* Problem
The entries that follow should be written out exactly.

(Records drawn from a dataset)
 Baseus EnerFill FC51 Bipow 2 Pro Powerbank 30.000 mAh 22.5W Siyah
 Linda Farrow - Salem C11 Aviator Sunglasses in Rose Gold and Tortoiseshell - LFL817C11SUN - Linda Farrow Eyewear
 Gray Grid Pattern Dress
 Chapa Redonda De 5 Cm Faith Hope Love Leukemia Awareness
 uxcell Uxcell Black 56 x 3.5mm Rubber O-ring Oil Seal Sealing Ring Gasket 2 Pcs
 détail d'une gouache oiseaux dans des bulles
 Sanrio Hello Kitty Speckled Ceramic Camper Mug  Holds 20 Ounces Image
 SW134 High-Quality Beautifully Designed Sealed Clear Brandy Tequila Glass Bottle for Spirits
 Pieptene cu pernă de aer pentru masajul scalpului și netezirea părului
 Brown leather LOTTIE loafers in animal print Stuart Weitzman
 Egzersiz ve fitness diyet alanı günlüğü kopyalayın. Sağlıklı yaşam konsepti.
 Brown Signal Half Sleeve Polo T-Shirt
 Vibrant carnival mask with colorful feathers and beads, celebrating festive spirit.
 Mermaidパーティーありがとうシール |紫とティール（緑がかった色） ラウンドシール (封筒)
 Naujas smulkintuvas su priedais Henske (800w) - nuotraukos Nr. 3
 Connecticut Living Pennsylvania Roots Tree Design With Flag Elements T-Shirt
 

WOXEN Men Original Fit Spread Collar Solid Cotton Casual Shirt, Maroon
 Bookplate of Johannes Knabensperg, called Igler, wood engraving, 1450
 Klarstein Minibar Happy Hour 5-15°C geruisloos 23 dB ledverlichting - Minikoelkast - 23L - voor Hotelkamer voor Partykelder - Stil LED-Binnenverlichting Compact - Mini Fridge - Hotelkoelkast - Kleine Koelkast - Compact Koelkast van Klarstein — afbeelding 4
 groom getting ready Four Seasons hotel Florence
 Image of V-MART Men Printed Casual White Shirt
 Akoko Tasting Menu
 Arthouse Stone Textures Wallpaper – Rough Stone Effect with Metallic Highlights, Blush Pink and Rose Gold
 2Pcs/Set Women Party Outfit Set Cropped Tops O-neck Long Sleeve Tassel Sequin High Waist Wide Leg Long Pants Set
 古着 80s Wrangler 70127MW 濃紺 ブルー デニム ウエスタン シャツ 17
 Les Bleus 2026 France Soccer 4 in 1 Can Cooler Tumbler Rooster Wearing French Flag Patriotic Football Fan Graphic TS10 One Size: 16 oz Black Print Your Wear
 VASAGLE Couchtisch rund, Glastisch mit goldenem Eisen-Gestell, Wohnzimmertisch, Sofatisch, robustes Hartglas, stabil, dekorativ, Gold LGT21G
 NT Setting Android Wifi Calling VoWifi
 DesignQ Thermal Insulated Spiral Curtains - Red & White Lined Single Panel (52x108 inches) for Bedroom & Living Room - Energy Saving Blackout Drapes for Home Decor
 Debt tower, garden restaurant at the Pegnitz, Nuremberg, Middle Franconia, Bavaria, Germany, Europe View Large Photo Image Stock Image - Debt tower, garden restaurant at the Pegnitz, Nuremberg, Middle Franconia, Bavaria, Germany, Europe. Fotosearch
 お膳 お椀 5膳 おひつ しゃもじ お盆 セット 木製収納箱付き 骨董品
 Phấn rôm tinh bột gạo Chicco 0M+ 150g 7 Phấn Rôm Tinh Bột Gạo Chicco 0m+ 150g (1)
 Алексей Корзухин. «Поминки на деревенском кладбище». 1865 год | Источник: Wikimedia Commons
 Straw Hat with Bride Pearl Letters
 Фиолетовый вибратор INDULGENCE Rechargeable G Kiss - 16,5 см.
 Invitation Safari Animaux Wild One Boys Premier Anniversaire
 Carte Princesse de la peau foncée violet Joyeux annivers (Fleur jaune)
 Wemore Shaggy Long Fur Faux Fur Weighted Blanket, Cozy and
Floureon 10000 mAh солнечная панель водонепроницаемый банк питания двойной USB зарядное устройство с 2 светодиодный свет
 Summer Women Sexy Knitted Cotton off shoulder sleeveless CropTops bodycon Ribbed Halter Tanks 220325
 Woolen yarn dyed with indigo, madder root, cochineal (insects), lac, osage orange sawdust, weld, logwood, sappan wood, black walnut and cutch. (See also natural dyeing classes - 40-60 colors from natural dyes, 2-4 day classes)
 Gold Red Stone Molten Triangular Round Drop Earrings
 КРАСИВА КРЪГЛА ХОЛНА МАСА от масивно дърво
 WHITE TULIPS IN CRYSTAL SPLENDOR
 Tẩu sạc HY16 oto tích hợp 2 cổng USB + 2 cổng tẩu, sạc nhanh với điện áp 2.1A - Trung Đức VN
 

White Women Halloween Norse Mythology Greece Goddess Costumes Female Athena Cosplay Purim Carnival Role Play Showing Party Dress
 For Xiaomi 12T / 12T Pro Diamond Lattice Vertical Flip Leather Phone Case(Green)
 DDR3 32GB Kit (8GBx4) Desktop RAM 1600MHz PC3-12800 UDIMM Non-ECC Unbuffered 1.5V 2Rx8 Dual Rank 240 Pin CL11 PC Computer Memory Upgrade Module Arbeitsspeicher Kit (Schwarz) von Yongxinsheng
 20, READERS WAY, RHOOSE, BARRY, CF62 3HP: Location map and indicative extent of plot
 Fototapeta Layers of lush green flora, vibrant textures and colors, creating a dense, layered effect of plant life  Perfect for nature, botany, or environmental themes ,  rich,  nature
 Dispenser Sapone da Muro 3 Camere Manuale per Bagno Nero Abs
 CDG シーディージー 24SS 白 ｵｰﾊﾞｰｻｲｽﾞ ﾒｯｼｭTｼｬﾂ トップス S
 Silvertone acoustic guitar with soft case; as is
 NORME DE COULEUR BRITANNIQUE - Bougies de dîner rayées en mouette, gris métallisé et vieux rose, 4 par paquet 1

* Result below
 Baseus EnerFill FC51 Bipow 2 Pro Powerbank 30.000 mAh 22.5W Siyah
 Linda Farrow - Salem C11 Aviator Sunglasses in Rose Gold and Tortoiseshell - LFL817C11SUN - Linda Farrow Eyewear
 Gray Grid Pattern Dress
 Chapa Redonda De 5 Cm Faith Hope Love Leukemia Awareness
 uxcell Uxcell Black 56 x 3.5mm Rubber O-ring Oil Seal Sealing Ring Gasket 2 Pcs
 détail d'une gouache oiseaux dans des bulles
 Sanrio Hello Kitty Speckled Ceramic Camper Mug  Holds 20 Ounces Image
 SW134 High-Quality Beautifully Designed Sealed Clear Brandy Tequila Glass Bottle for Spirits
 Pieptene cu pernă de aer pentru masajul scalpului și netezirea părului
 Brown leather LOTTIE loafers in animal print Stuart Weitzman
 Egzersiz ve fitness diyet alanı günlüğü kopyalayın. Sağlıklı yaşam konsepti.
 Brown Signal Half Sleeve Polo T-Shirt
 Vibrant carnival mask with colorful feathers and beads, celebrating festive spirit.
 Mermaidパーティーありがとうシール |紫とティール（緑がかった色） ラウンドシール (封筒)
 Naujas smulkintuvas su priedais Henske (800w) - nuotraukos Nr. 3
 Connecticut Living Pennsylvania Roots Tree Design With Flag Elements T-Shirt
 

WOXEN Men Original Fit Spread Collar Solid Cotton Casual Shirt, Maroon
 Bookplate of Johannes Knabensperg, called Igler, wood engraving, 1450
 Klarstein Minibar Happy Hour 5-15°C geruisloos 23 dB ledverlichting - Minikoelkast - 23L - voor Hotelkamer voor Partykelder - Stil LED-Binnenverlichting Compact - Mini Fridge - Hotelkoelkast - Kleine Koelkast - Compact Koelkast van Klarstein — afbeelding 4
 groom getting ready Four Seasons hotel Florence
 Image of V-MART Men Printed Casual White Shirt
 Akoko Tasting Menu
 Arthouse Stone Textures Wallpaper – Rough Stone Effect with Metallic Highlights, Blush Pink and Rose Gold
 2Pcs/Set Women Party Outfit Set Cropped Tops O-neck Long Sleeve Tassel Sequin High Waist Wide Leg Long Pants Set
 古着 80s Wrangler 70127MW 濃紺 ブルー デニム ウエスタン シャツ 17
 Les Bleus 2026 France Soccer 4 in 1 Can Cooler Tumbler Rooster Wearing French Flag Patriotic Football Fan Graphic TS10 One Size: 16 oz Black Print Your Wear
 VASAGLE Couchtisch rund, Glastisch mit goldenem Eisen-Gestell, Wohnzimmertisch, Sofatisch, robustes Hartglas, stabil, dekorativ, Gold LGT21G
 NT Setting Android Wifi Calling VoWifi
 DesignQ Thermal Insulated Spiral Curtains - Red & White Lined Single Panel (52x108 inches) for Bedroom & Living Room - Energy Saving Blackout Drapes for Home Decor
 Debt tower, garden restaurant at the Pegnitz, Nuremberg, Middle Franconia, Bavaria, Germany, Europe View Large Photo Image Stock Image - Debt tower, garden restaurant at the Pegnitz, Nuremberg, Middle Franconia, Bavaria, Germany, Europe. Fotosearch
 お膳 お椀 5膳 おひつ しゃもじ お盆 セット 木製収納箱付き 骨董品
 Phấn rôm tinh bột gạo Chicco 0M+ 150g 7 Phấn Rôm Tinh Bột Gạo Chicco 0m+ 150g (1)
 Алексей Корзухин. «Поминки на деревенском кладбище». 1865 год | Источник: Wikimedia Commons
 Straw Hat with Bride Pearl Letters
 Фиолетовый вибратор INDULGENCE Rechargeable G Kiss - 16,5 см.
 Invitation Safari Animaux Wild One Boys Premier Anniversaire
 Carte Princesse de la peau foncée violet Joyeux annivers (Fleur jaune)
 Wemore Shaggy Long Fur Faux Fur Weighted Blanket, Cozy and
Floureon 10000 mAh солнечная панель водонепроницаемый банк питания двойной USB зарядное устройство с 2 светодиодный свет
 Summer Women Sexy Knitted Cotton off shoulder sleeveless CropTops bodycon Ribbed Halter Tanks 220325
 Woolen yarn dyed with indigo, madder root, cochineal (insects), lac, osage orange sawdust, weld, logwood, sappan wood, black walnut and cutch. (See also natural dyeing classes - 40-60 colors from natural dyes, 2-4 day classes)
 Gold Red Stone Molten Triangular Round Drop Earrings
 КРАСИВА КРЪГЛА ХОЛНА МАСА от масивно дърво
 WHITE TULIPS IN CRYSTAL SPLENDOR
 Tẩu sạc HY16 oto tích hợp 2 cổng USB + 2 cổng tẩu, sạc nhanh với điện áp 2.1A - Trung Đức VN
 

White Women Halloween Norse Mythology Greece Goddess Costumes Female Athena Cosplay Purim Carnival Role Play Showing Party Dress
 For Xiaomi 12T / 12T Pro Diamond Lattice Vertical Flip Leather Phone Case(Green)
 DDR3 32GB Kit (8GBx4) Desktop RAM 1600MHz PC3-12800 UDIMM Non-ECC Unbuffered 1.5V 2Rx8 Dual Rank 240 Pin CL11 PC Computer Memory Upgrade Module Arbeitsspeicher Kit (Schwarz) von Yongxinsheng
 20, READERS WAY, RHOOSE, BARRY, CF62 3HP: Location map and indicative extent of plot
 Fototapeta Layers of lush green flora, vibrant textures and colors, creating a dense, layered effect of plant life  Perfect for nature, botany, or environmental themes ,  rich,  nature
 Dispenser Sapone da Muro 3 Camere Manuale per Bagno Nero Abs
 CDG シーディージー 24SS 白 ｵｰﾊﾞｰｻｲｽﾞ ﾒｯｼｭTｼｬﾂ トップス S
 Silvertone acoustic guitar with soft case; as is
 NORME DE COULEUR BRITANNIQUE - Bougies de dîner rayées en mouette, gris métallisé et vieux rose, 4 par paquet 1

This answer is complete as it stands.